Sometimes you need to get a web coding job done. Maybe you’re on a laptop with no WiFi or network access. Maybe you’re on a Windows machine and don’t want the hassle of installing Apache, MySQL and PHP separately. Whatever the situation, you need a web server, database server and server-side scripting language now. That’s where XAMPP comes in.
Downloaded from those lovely people at www.apachefriends.org, XAMPP is an easy-to-install, easy-to-use package that will give you a local web server with very little fuss. You can even unzip the entire thing onto a pen drive and run it as a portable app (although it’s a shade slow, especially if you then run Portable Komodo Edit alongside it!).

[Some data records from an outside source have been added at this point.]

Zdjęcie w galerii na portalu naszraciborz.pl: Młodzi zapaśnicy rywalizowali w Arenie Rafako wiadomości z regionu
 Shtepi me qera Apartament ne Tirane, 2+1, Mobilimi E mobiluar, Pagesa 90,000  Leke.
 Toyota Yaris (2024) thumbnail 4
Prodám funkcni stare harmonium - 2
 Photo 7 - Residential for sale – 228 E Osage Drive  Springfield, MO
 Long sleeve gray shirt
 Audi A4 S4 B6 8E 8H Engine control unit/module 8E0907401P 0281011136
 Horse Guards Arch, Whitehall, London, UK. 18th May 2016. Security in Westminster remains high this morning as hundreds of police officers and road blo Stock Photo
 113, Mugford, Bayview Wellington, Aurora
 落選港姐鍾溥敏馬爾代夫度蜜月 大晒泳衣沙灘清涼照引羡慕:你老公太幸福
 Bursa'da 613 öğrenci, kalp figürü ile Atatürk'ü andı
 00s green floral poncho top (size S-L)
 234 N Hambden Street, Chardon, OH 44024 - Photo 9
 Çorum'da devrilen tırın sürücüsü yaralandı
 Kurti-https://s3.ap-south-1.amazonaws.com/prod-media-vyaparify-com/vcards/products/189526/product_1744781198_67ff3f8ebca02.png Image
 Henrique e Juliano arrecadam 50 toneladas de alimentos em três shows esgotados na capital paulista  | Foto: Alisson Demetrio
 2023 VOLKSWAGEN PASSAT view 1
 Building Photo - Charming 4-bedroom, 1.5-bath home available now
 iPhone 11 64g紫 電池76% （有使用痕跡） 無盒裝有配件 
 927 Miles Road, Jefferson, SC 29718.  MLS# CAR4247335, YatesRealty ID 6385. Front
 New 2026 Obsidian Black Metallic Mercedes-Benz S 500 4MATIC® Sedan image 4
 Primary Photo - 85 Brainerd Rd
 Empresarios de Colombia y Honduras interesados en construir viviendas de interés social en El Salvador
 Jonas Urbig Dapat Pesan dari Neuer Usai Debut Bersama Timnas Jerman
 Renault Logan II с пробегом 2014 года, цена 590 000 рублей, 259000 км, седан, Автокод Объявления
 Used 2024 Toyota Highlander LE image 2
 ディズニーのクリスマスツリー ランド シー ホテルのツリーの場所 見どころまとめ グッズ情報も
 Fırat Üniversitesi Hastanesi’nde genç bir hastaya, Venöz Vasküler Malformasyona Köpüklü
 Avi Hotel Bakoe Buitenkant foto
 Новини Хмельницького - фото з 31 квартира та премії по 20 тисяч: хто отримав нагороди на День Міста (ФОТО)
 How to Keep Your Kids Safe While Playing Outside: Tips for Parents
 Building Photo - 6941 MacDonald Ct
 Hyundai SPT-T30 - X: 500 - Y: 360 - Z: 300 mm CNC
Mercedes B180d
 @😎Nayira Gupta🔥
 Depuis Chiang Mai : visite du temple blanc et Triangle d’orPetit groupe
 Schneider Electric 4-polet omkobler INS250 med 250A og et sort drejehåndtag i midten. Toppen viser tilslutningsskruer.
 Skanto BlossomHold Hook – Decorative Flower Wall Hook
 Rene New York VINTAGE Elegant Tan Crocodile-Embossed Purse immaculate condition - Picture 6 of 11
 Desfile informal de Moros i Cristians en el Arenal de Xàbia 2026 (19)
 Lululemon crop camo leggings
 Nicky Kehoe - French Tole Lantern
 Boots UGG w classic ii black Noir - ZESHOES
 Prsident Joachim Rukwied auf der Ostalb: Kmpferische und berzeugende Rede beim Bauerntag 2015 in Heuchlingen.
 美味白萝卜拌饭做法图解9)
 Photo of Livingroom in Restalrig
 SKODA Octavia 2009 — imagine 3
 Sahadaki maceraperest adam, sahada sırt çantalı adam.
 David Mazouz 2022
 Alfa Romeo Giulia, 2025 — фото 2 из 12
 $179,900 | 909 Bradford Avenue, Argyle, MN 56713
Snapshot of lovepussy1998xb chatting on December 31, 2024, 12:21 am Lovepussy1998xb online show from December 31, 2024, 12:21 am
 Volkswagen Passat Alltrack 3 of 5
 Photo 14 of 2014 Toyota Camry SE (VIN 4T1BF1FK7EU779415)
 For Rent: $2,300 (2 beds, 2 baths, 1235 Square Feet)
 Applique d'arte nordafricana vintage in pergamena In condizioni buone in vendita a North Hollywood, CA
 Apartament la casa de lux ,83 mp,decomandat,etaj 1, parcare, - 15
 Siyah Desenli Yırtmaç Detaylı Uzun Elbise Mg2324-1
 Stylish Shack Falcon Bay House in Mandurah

When you run the exe for the control panel, you get this friendly little dialog box and a new, shiny, icon in your notification area:
The Svc tick boxes down the left hand side are for getting Windows to run the whole thing automatically. This isn’t necessary for the casual use I put XAMPP to. When you need a web server, you click “Start” for Apache. When you need a database, click “Start” for MySQL. Not a clue what Mercury is, in this context, and FileZilla is there for FTP transfer of files – never needed it on the local machine. Also, I’ve always seen the “Directory mismatch” warning and it’s never affected what I’m working on.
It is nothing short of a gem of an application. It has saved my development bacon a few times when I’ve needed a server at short notice. Running it doesn’t slow your machine down noticably.
More complex options are available, of course. You could have a Linux server sat on your network for these occasions, or a virtual machine of some sort on your own computer. But the Linux box relies on a network connection and the VM can eat into your system resources. XAMPP goes in and does the job it needs to do.